▶ WORK INSTRUCTION: Word for word, copy the line containing "Strategy & Tactics: Blitz Image" and every line after it in the records below, leaving pictures out.

▶ DATA SUPPLIED:
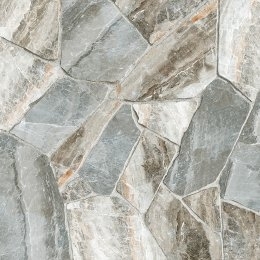 Piso RochaForte 70x70 Granilha R.70362 - Caixa Com 3,43m²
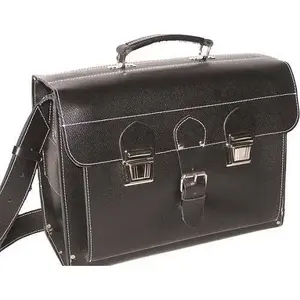Rīku soma NWS N-1017 — kompakta rokas instrumentu soma, modelis TORBA N-1017M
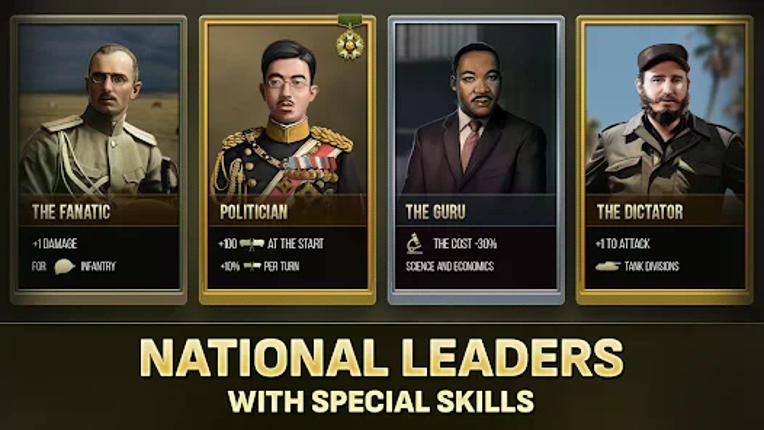 Strategy & Tactics: Blitz Image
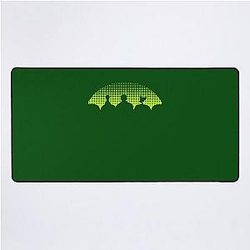 Mystery Science Theater 3000 Classic Unisex Tee Team Desk Mat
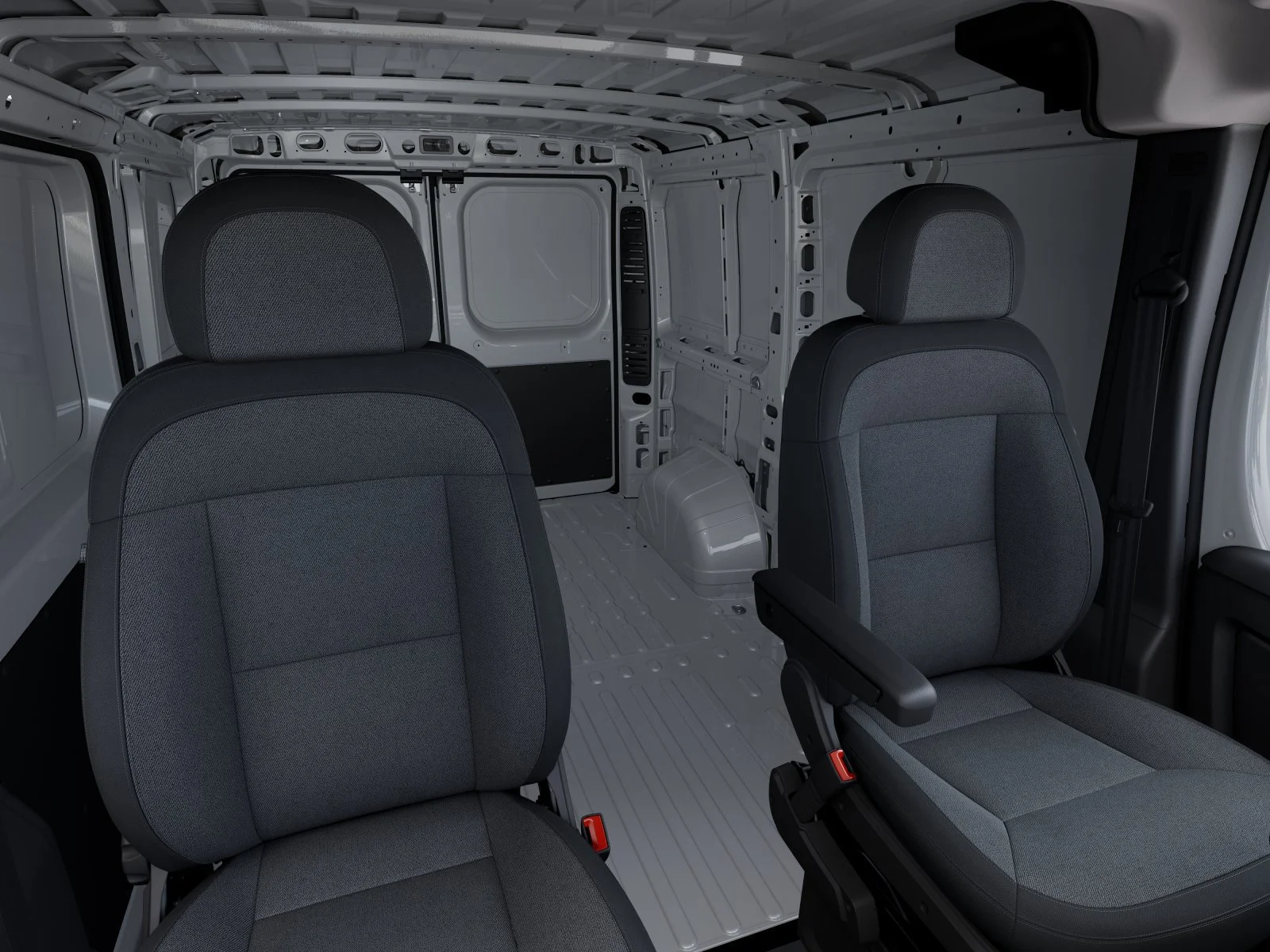 New 2026 Ram ProMaster 1500 - photo 18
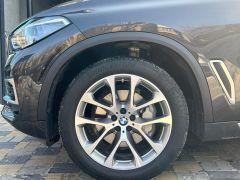 Сүрөт унаа BMW X5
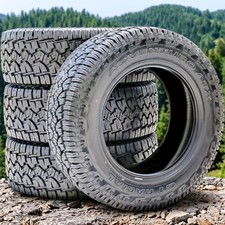 4 Tires Gt Radial Adventuro Atx Lt 27565r20 Load E 10 Ply At At All Terrain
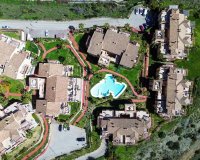 Resale - apartment - Estepona - Atalaya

▶ RESULT OF THE TASK:
 Strategy & Tactics: Blitz Image
 Mystery Science Theater 3000 Classic Unisex Tee Team Desk Mat
 New 2026 Ram ProMaster 1500 - photo 18
 Сүрөт унаа BMW X5
 4 Tires Gt Radial Adventuro Atx Lt 27565r20 Load E 10 Ply At At All Terrain
 Resale - apartment - Estepona - Atalaya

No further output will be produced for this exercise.